Known and Strange Things, by Teju Cole
Writing of Kieslowski’s trilogy (Blue, White, Red), Cole notes how “unforeseen encounters can subtly pile up and determine the course of a person’s life. In any narrative, there is the material that moves the story forward. But the storyteller also includes objects or events that hint at a pattern of signification swirling above the surface, part of the story’s logic but just out of reach.” This, I think, is the deus ex machina we’ve been told is bad storytelling, but is, in truth, the way life works; it acts upon you with the same force we gather to push back. But Cole is a skeptic as much as he is an evangelist. In “Reader’s War,” he juxtaposes Obama’s middlebrow literary taste with the “heartbreaking stories of mistaken identity, grisly tales of sudden death from a machine in the sky” and the “plain fact” that “our leaders have been killing at will.” What happened, Cole asks, to “literature’s vaunted power to inspire empathy?”

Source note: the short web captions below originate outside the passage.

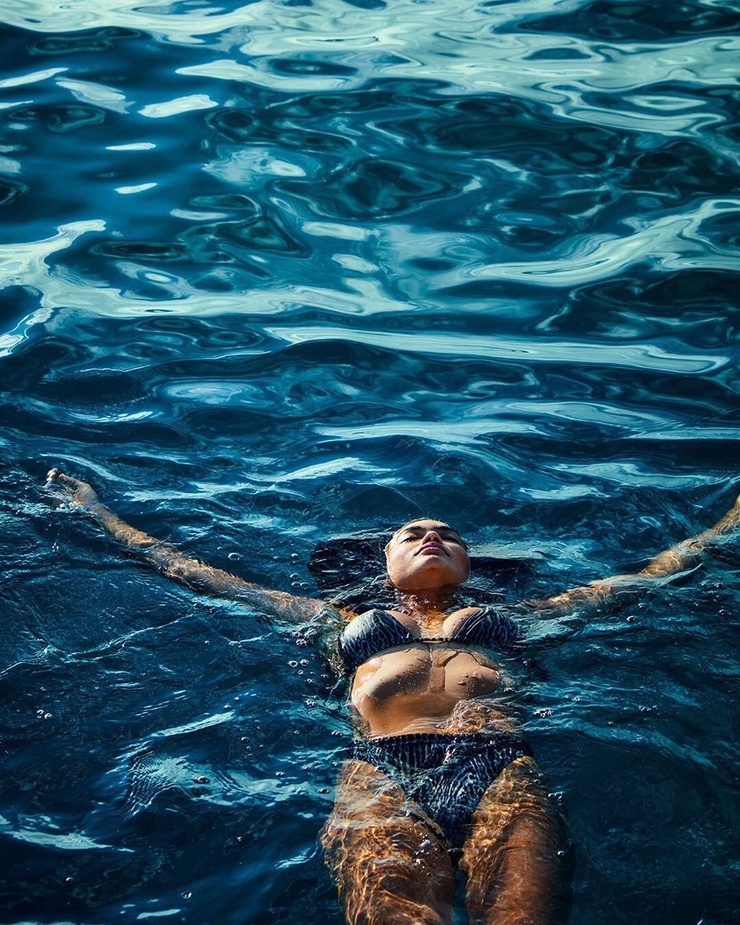 Kelly Gale Kelly Gale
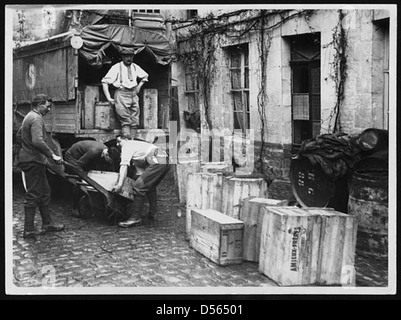 Französische Soldaten entfernen die Weine aus den Kellern in Amiens in LKW Stockfoto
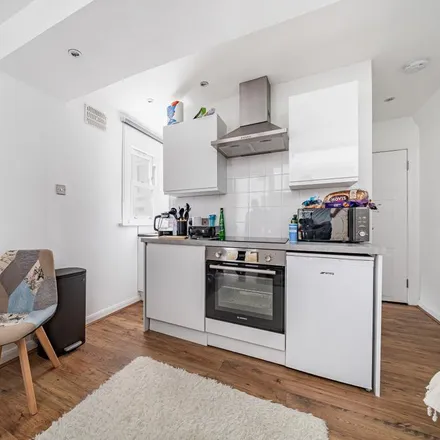Image 2 - Narcissus Road, London, NW6 1TS, United Kingdom - Apartment for rent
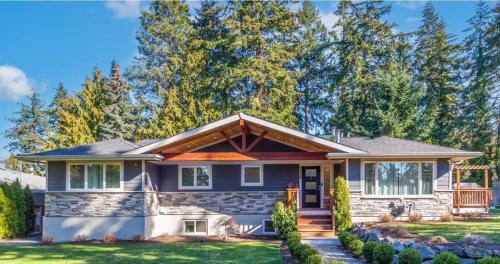 Mercer Island House | Mercer Island Modern Family-Friendly Home I-90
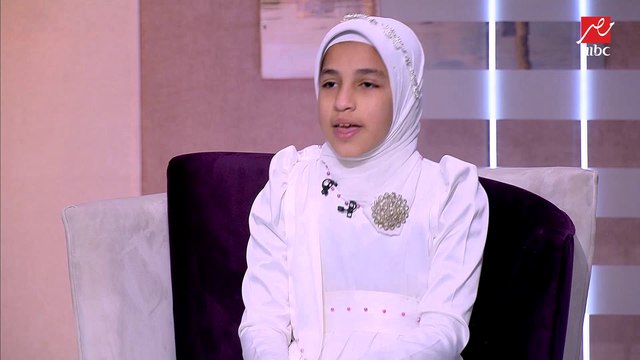 شيرين الفائزة بالمركز الأول بمسابقة الأوقاف لحفظ القرآن: نفسي أقرأ القرآن أمام الرئيس السيسي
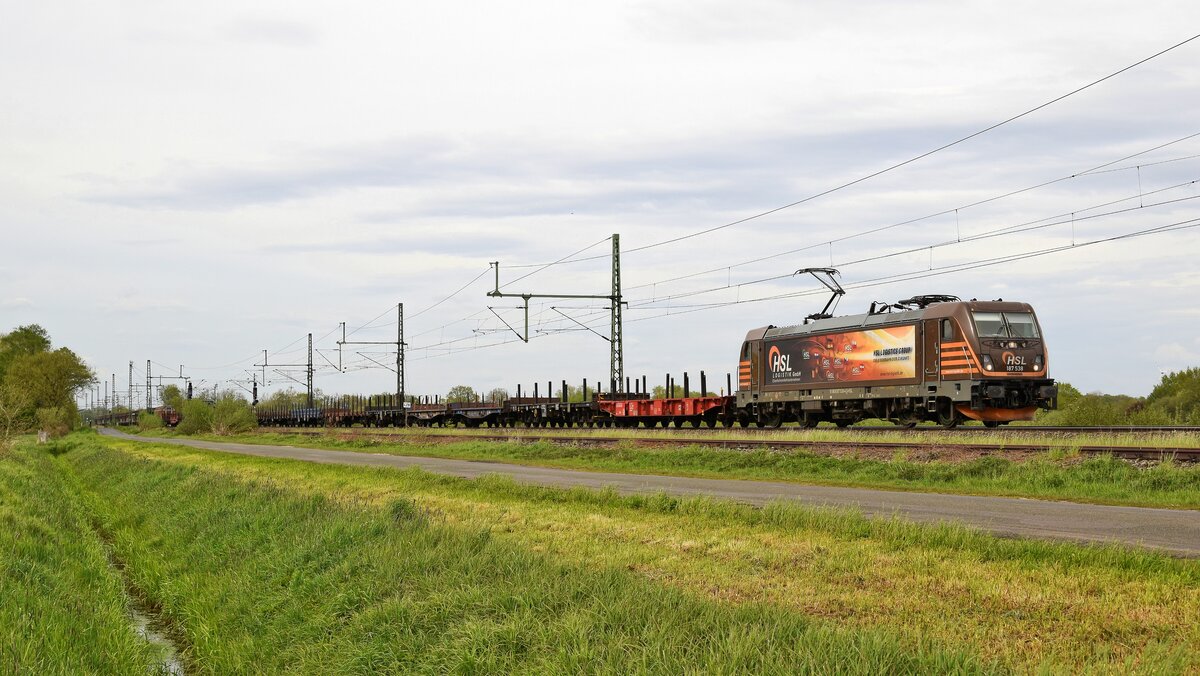 HSL Logistik 187 538 mit Saarrailzug DGS 69471 Brake (Weser) - Neunkirchen (Saar) Hbf (Diepholz, 10.05.2021).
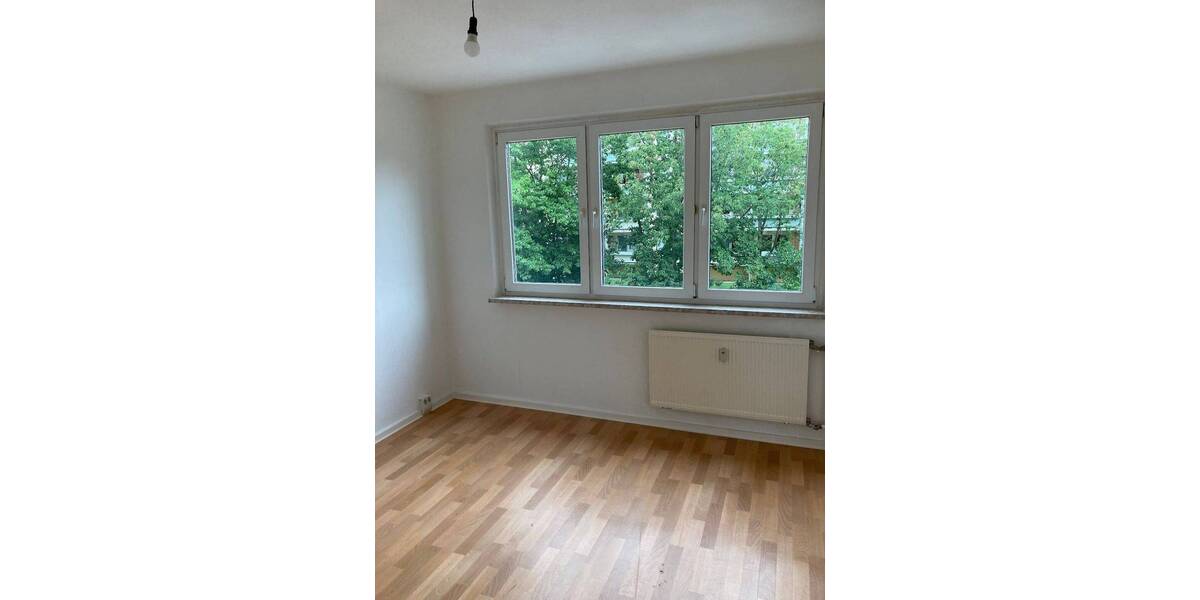 Etagenwohnung Gera Lusan - 4 Zimmer, 68 m&sup2;, 405&euro; | Angebot:26170568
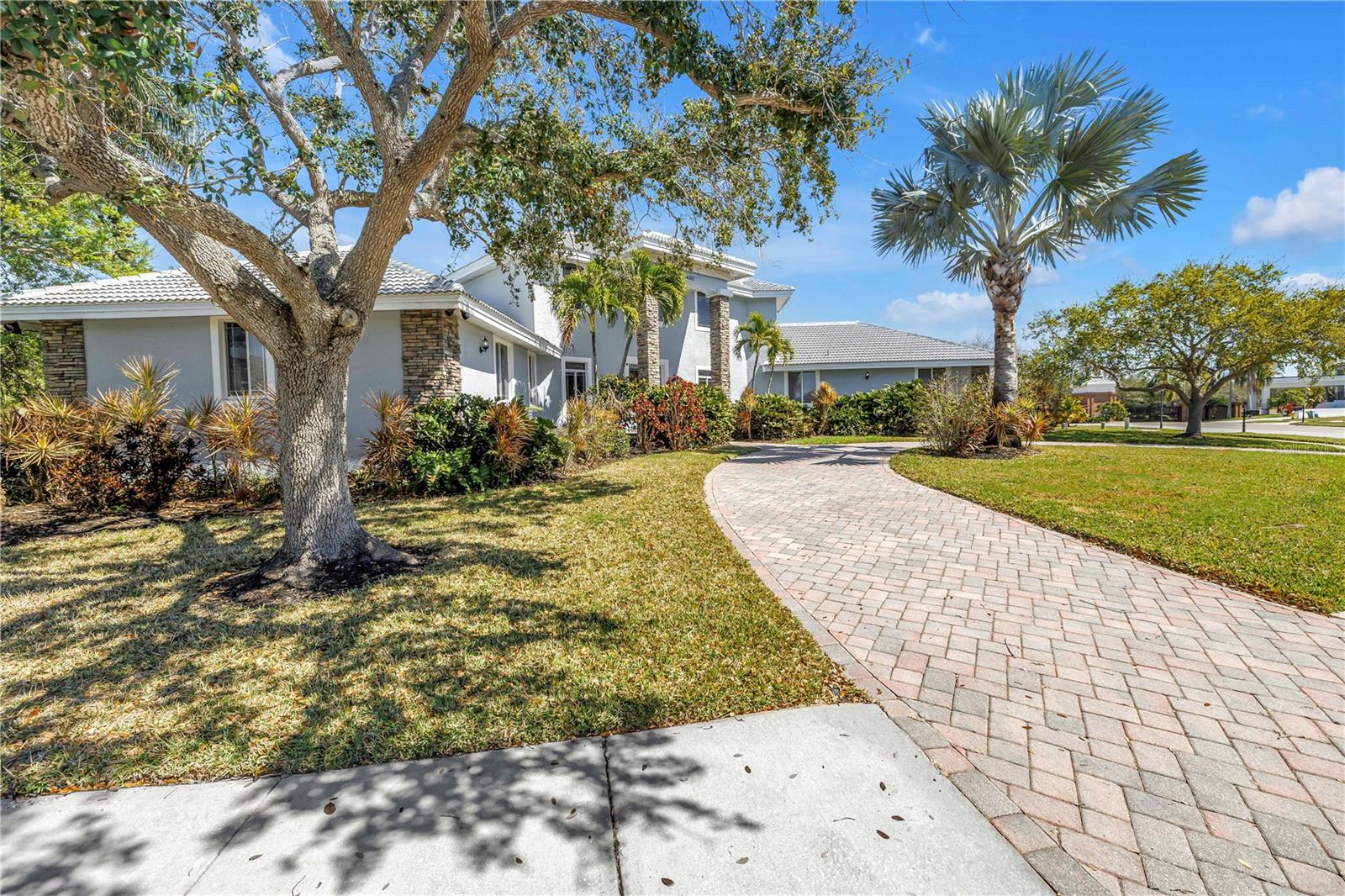14365 Eagle Pointe Dr Property Photo 43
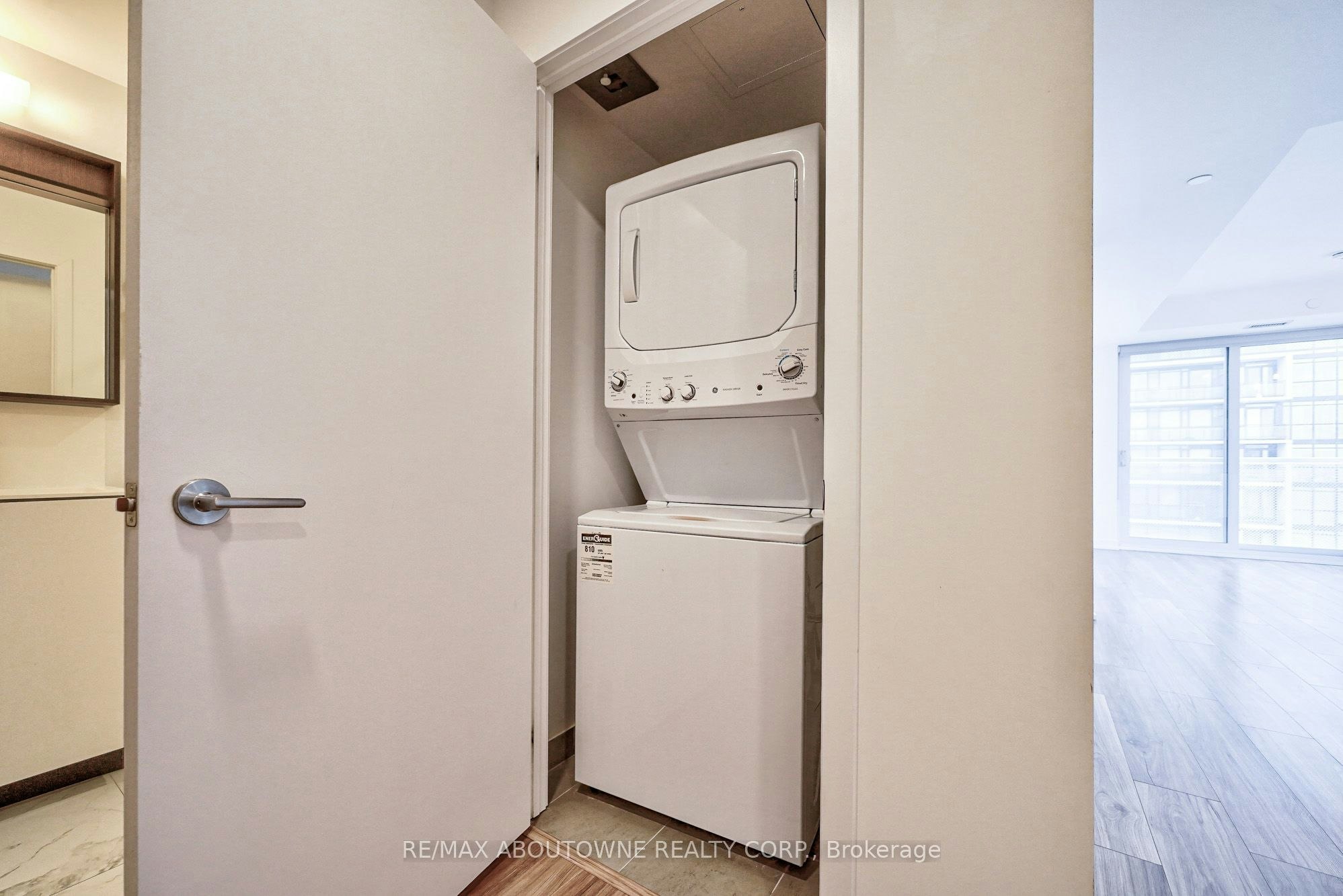 3603-4065 Confederation Parkway, Mississauga, ON, L5B 0L4 - 26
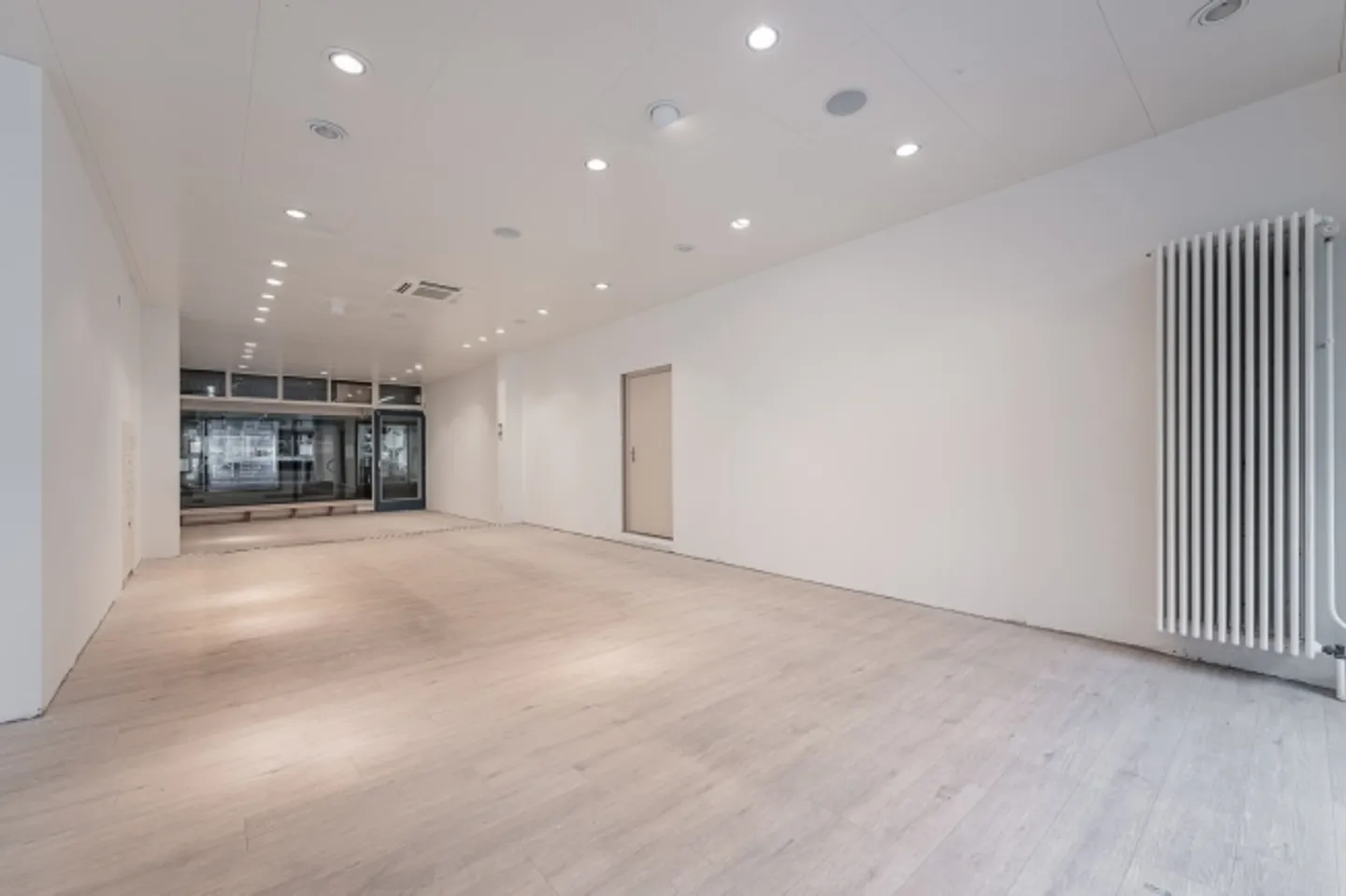Edificio ad uso misto in affitto - Foto 4 di 10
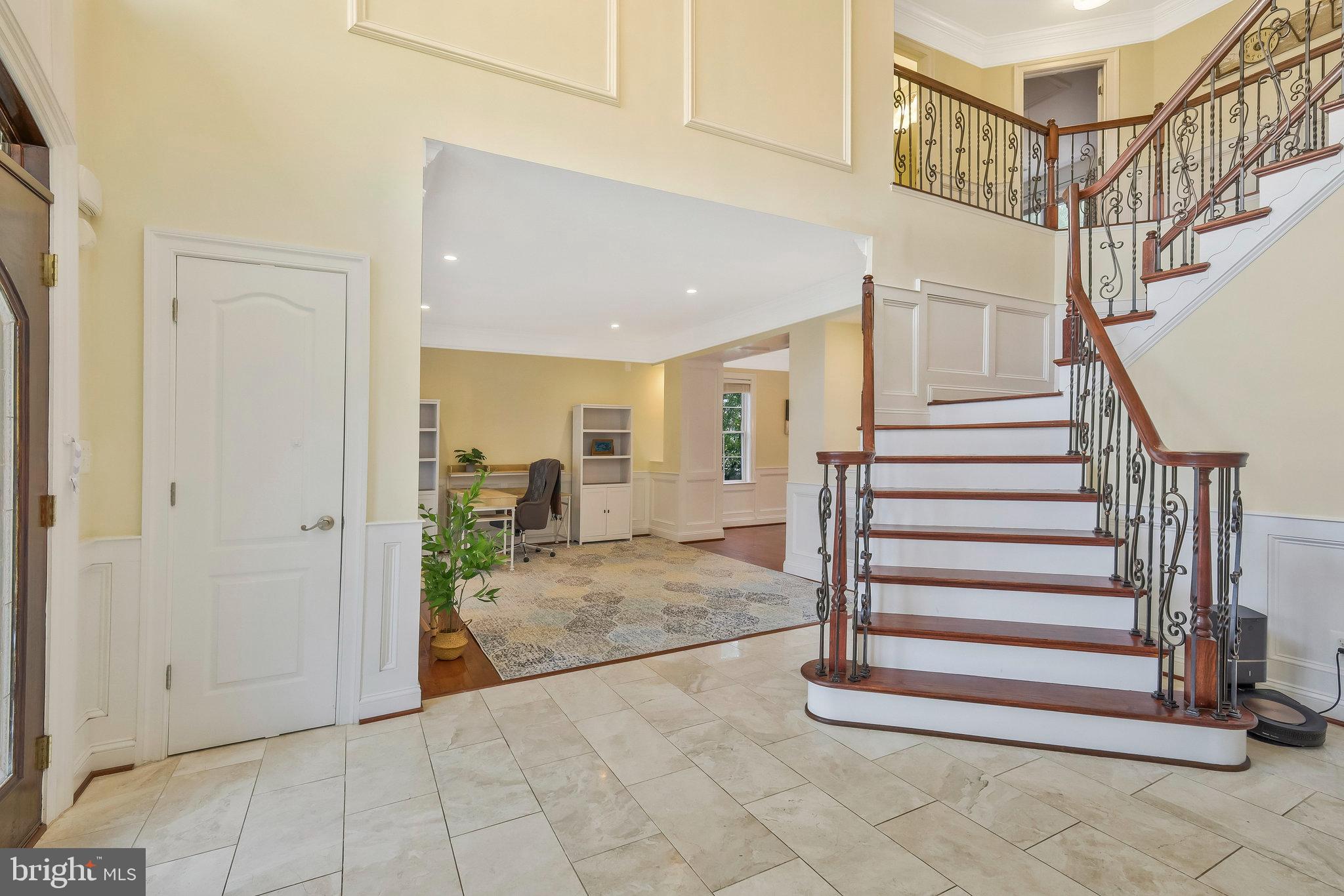 SUNNY VIEW - Residential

Vile Days, by Gary Indiana
“There is a short story here,” I wrote in the margin of Indiana’s “Shadows of a Summer Night,” a review of The International Shadow Project 1985 that was so detailed, so evocative, that it wouldn’t leave me.2 Each of Indiana’s reviews — collected here from his art column in the Village Voice — is a testament to why you should pay writers to show up and look at things. Of a series of paintings by John Wilkins, on display at the Cash/Newhouse Gallery in 1985, Indiana detects “an environment of image bombardment” that invites “a sophisticated syntax of visual cues.” As pictures, Wilkins’ paintings “simulate a highly modern fear of the inorganic assuming autonomy, of representation replacing the real.” In a nation ruled by a small handful of small men who own the internet — and the President along with it — it’s hard not to feel, in our own vile days, the sting of Indiana’s observation.
The modern good essay, I mean; I can tell you exactly who ruined the essay for American writers but I don’t want to start a fight, not today.
I did write the story, eventually, and American Short Fiction published it.